**What to produce**
In the material below, find the line with "Whimsical Textured Abstract" and the line with "Ferrari world roller", then output both and every line between them exactly, omitting pictures.

**Recorded data**
● ● ● ●

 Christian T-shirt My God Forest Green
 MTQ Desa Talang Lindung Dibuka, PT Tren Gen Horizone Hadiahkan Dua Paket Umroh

● ● ● ●

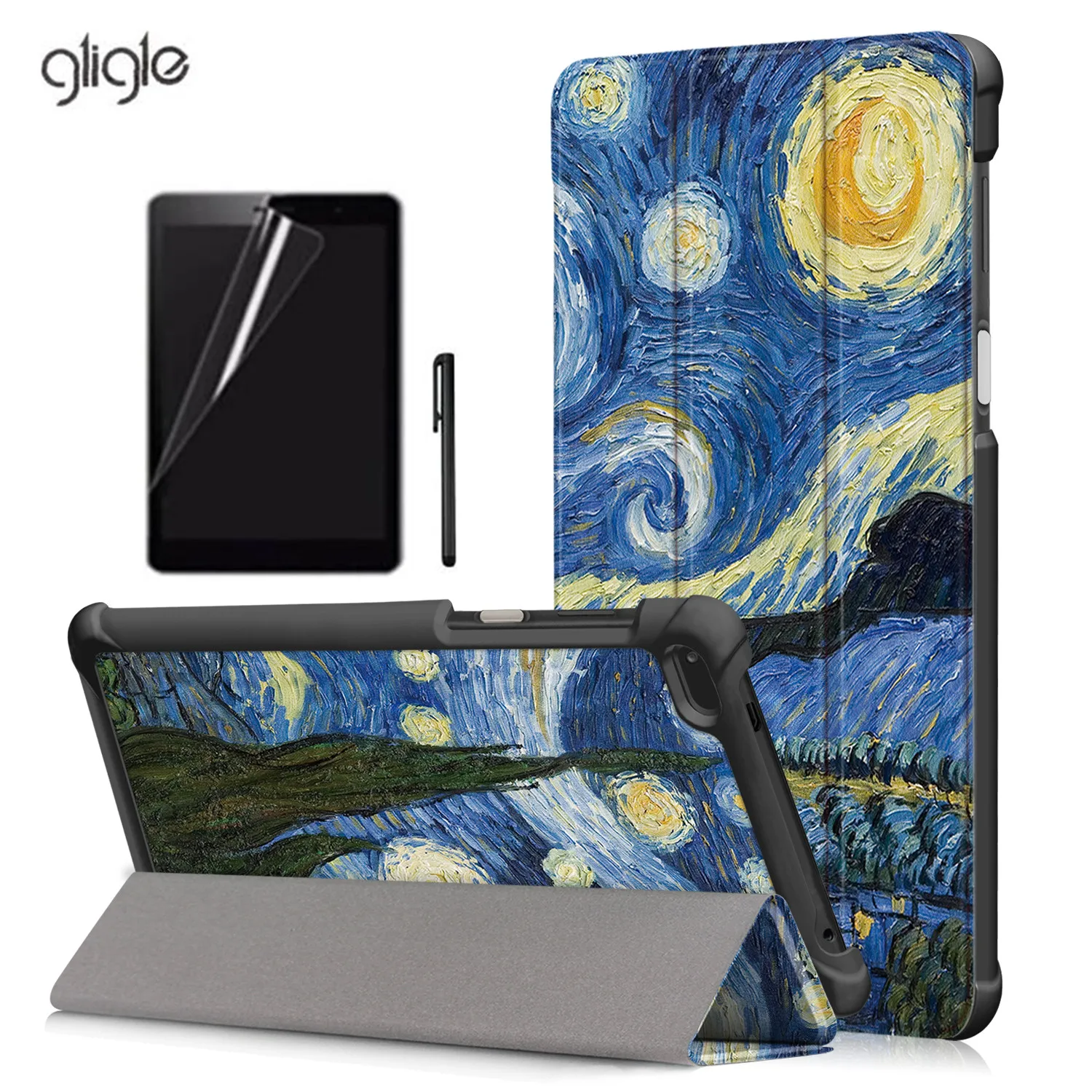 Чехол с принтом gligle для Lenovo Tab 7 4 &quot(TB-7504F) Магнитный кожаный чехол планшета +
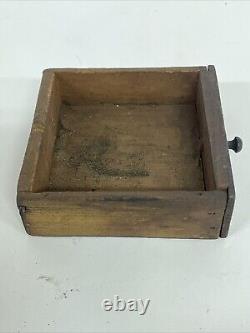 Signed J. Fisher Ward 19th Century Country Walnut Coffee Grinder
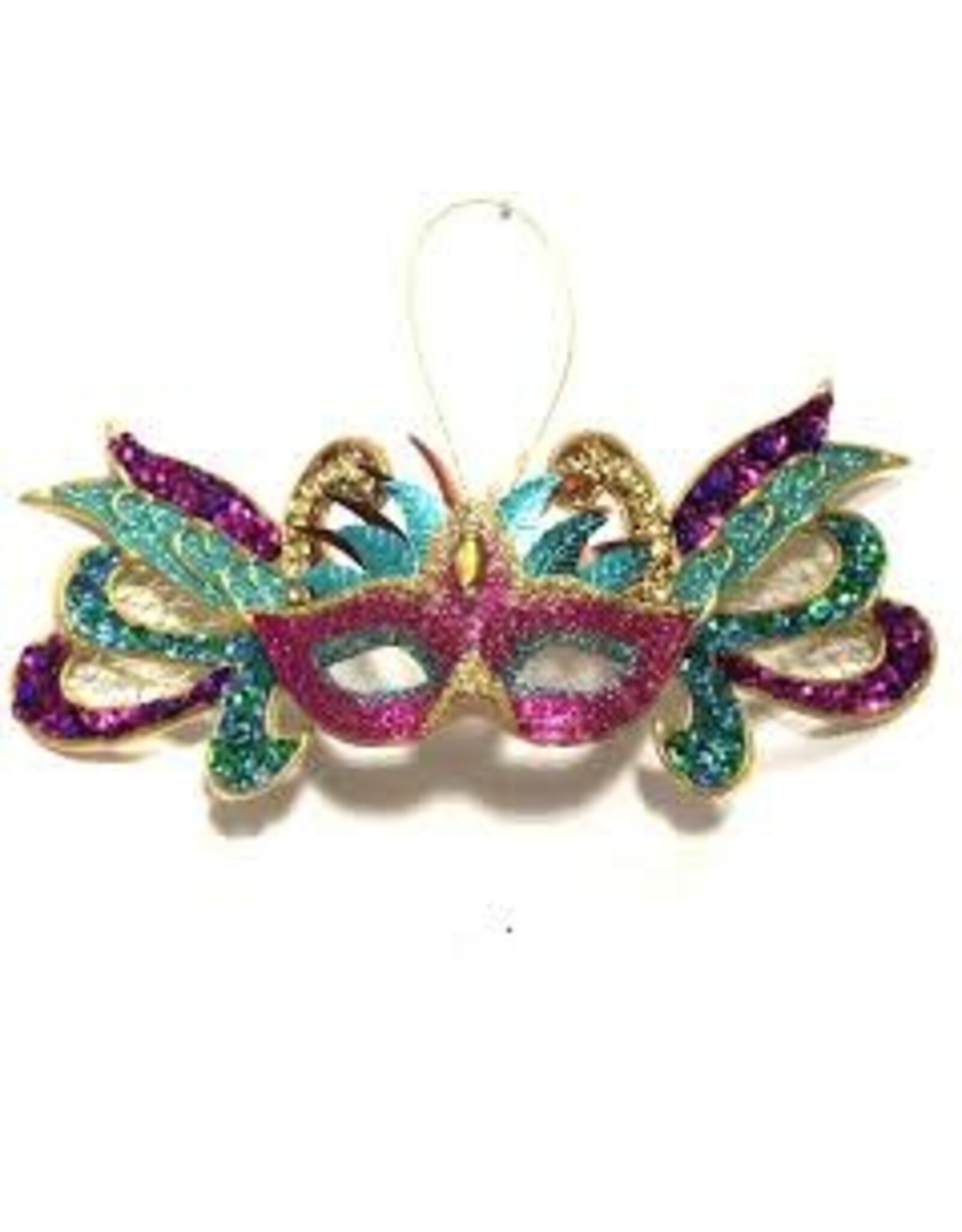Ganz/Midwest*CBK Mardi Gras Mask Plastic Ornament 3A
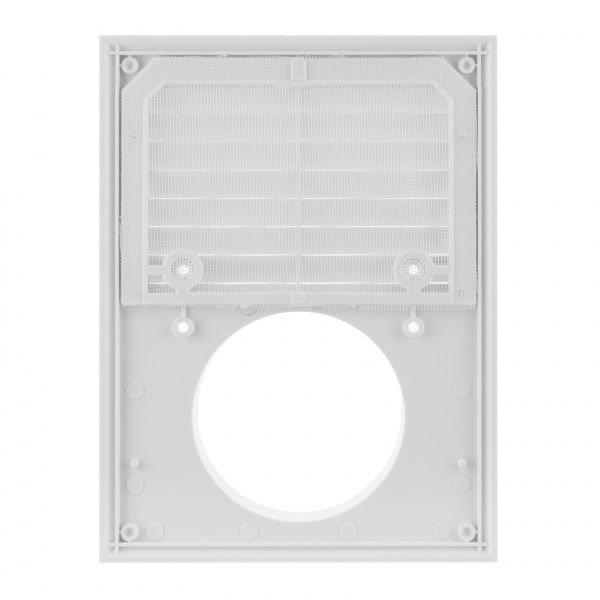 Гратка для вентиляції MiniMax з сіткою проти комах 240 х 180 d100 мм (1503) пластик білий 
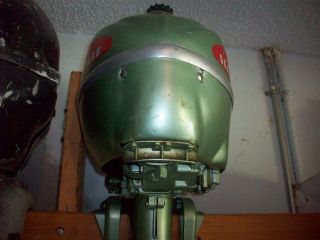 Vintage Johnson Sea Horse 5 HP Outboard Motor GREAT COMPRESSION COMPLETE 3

● ● ● ●

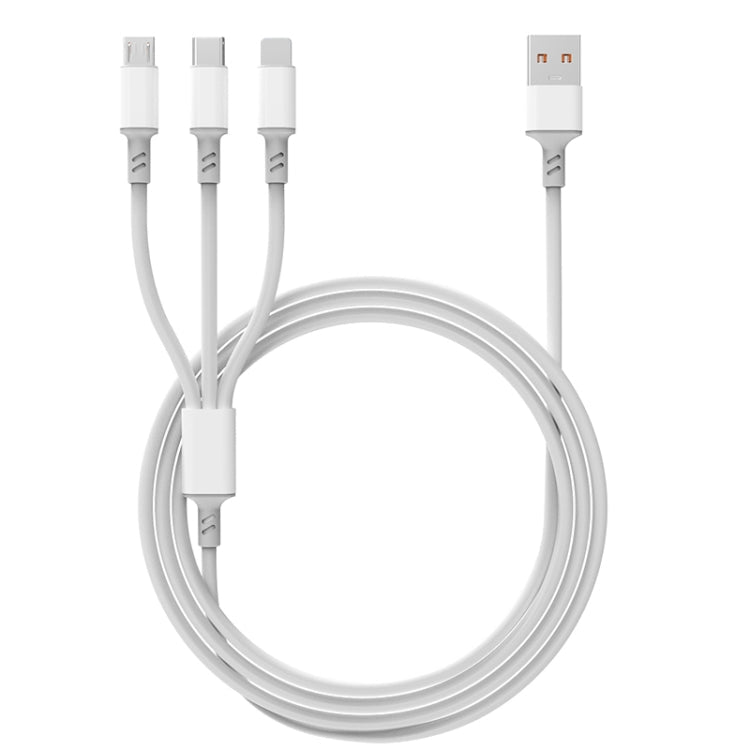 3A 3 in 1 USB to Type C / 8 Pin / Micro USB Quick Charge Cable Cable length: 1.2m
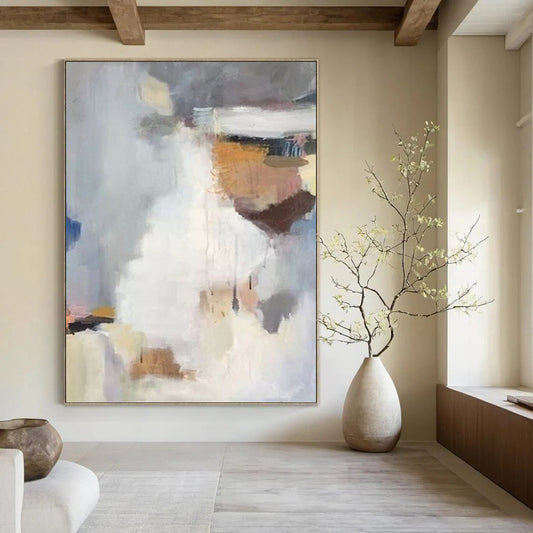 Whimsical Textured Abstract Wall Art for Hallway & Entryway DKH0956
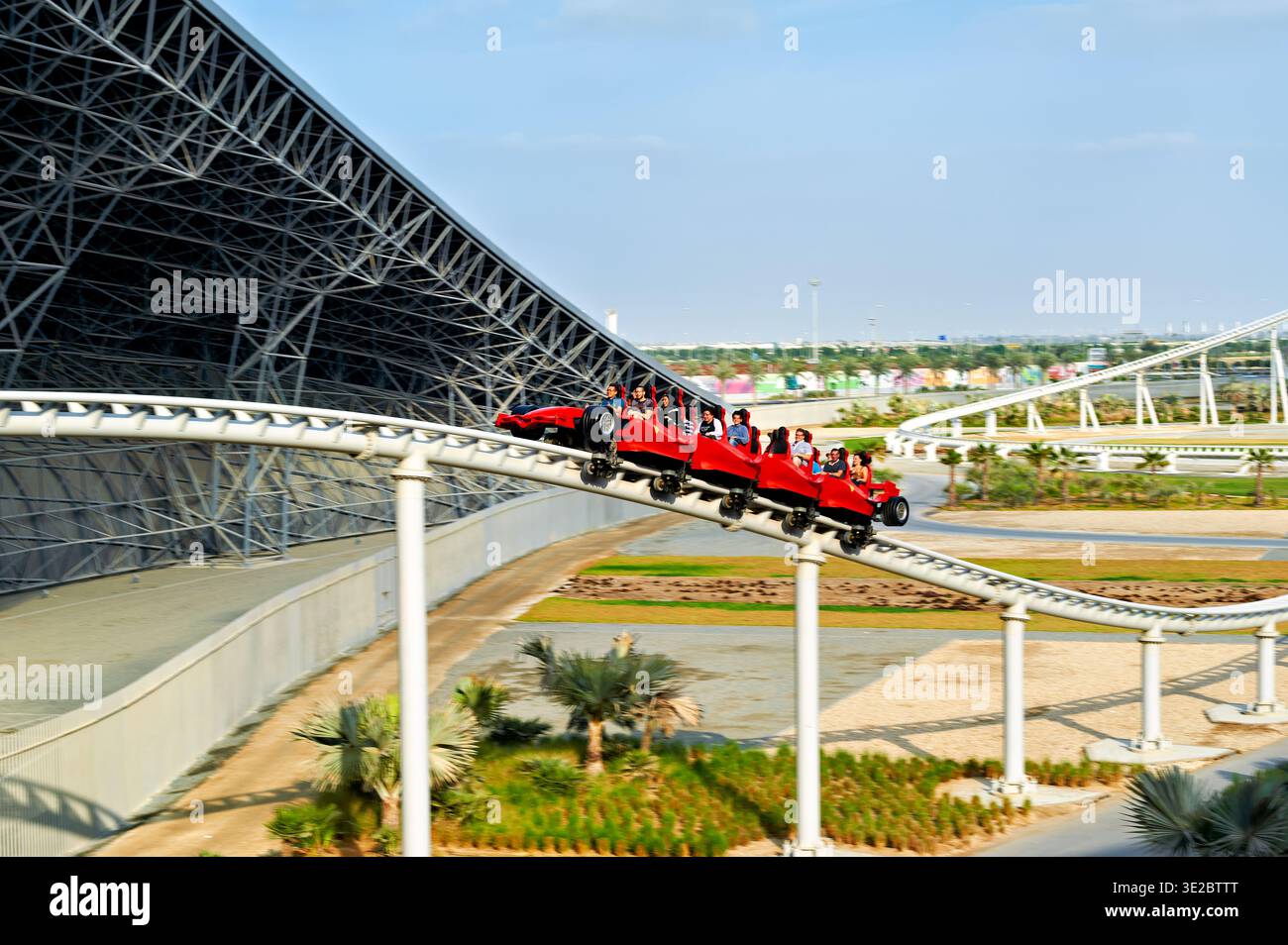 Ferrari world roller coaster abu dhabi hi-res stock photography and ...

● ● ● ●

**Response to the exercise**
 Whimsical Textured Abstract Wall Art for Hallway & Entryway DKH0956
 Ferrari world roller coaster abu dhabi hi-res stock photography and ...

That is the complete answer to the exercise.